Культурная программа Запада подразумевает деинституциализацию секса. Секс должен быть разлит по всему социуму. Всё в пространстве постмодернистского времяпрепровождения должно быть похоже на посасывание и облизывание, всё должно делаться с причмокиванием и придыханием, но никогда не подразумевать пересечения пубертатного порога и продолжения рода в рамках семьи. Секс банализируется через снятие запретов на проявления бытовой сексуальности, и тем самым «обезвреживается», незаметно редуцируясь к этим неполноценным и в нормальном случае предварительным формам как к таковым.

Подчеркнём: это не просто распущенность и энтропия, не просто «разврат». Это – программа, в рамках которой западная культура продолжает линию движения, избранную ещё в XVII-XVIII веках. Такова, если угодно, «метафизика пола» в мире постмодерна, куда вступил Запад, следуя избранному пути прогрессирующей стерилизации. Увенчается этот путь безмятежным пузырчато-розовым виртуально-квази-эротическим успехом или всё же катастрофа неминуема так же, как вещь неотделима от своей сущности, сказать трудно.

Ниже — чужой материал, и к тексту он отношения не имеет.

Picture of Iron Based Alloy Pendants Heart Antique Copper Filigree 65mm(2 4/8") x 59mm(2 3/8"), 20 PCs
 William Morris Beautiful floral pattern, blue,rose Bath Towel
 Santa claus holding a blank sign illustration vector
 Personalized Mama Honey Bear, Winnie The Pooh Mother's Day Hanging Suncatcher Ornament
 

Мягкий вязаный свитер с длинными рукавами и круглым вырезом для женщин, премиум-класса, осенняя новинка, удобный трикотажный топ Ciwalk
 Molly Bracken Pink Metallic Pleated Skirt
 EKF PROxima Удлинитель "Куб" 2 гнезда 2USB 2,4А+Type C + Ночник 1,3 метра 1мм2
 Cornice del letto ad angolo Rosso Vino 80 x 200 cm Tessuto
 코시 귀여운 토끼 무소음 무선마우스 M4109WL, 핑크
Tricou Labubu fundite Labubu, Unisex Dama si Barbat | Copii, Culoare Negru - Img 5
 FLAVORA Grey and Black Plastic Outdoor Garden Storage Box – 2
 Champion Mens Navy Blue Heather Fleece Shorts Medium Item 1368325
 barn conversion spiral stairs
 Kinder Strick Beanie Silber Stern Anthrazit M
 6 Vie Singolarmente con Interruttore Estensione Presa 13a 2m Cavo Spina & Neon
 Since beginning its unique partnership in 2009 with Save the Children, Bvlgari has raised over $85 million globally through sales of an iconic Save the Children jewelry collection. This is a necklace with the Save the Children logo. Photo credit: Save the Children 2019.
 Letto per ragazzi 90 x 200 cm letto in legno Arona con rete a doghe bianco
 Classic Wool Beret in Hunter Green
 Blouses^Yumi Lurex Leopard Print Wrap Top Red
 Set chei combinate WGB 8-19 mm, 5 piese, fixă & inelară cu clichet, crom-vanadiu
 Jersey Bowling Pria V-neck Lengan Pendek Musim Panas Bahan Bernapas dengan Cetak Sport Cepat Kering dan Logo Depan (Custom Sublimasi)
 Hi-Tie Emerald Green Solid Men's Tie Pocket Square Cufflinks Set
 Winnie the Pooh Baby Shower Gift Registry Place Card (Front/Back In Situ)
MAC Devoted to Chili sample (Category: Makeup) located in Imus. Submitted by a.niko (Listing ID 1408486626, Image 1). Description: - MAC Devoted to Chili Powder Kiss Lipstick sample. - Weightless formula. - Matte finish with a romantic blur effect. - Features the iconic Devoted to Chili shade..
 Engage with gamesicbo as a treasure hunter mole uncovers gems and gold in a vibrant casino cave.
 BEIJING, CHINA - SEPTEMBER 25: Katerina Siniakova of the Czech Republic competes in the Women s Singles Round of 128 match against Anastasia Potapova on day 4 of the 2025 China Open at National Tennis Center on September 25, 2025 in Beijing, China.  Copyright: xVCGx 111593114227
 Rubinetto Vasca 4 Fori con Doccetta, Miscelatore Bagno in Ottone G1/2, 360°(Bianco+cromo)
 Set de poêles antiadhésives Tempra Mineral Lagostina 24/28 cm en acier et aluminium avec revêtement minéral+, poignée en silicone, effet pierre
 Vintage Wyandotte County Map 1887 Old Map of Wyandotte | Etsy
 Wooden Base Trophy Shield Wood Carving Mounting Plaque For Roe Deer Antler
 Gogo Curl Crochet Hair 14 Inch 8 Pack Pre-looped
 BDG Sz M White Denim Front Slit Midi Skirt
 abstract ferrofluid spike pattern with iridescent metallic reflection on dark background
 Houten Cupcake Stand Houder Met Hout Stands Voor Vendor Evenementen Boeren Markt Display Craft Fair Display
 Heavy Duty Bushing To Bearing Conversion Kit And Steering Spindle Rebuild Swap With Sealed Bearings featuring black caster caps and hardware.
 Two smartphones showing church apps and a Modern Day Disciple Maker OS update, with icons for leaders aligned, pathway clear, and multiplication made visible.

Зато можно быть вполне уверенным в том, что сегодня на этом фоне простая интрига отношений между молодым человеком и девушкой действительно является вещью последовательно консервативной. И пока природа с её – пусть маленькими – тайнами обитает среди нас, у нас нет причин ожидать ужасного голливудского конца света со всеми его дорогостоящими спецэффектами.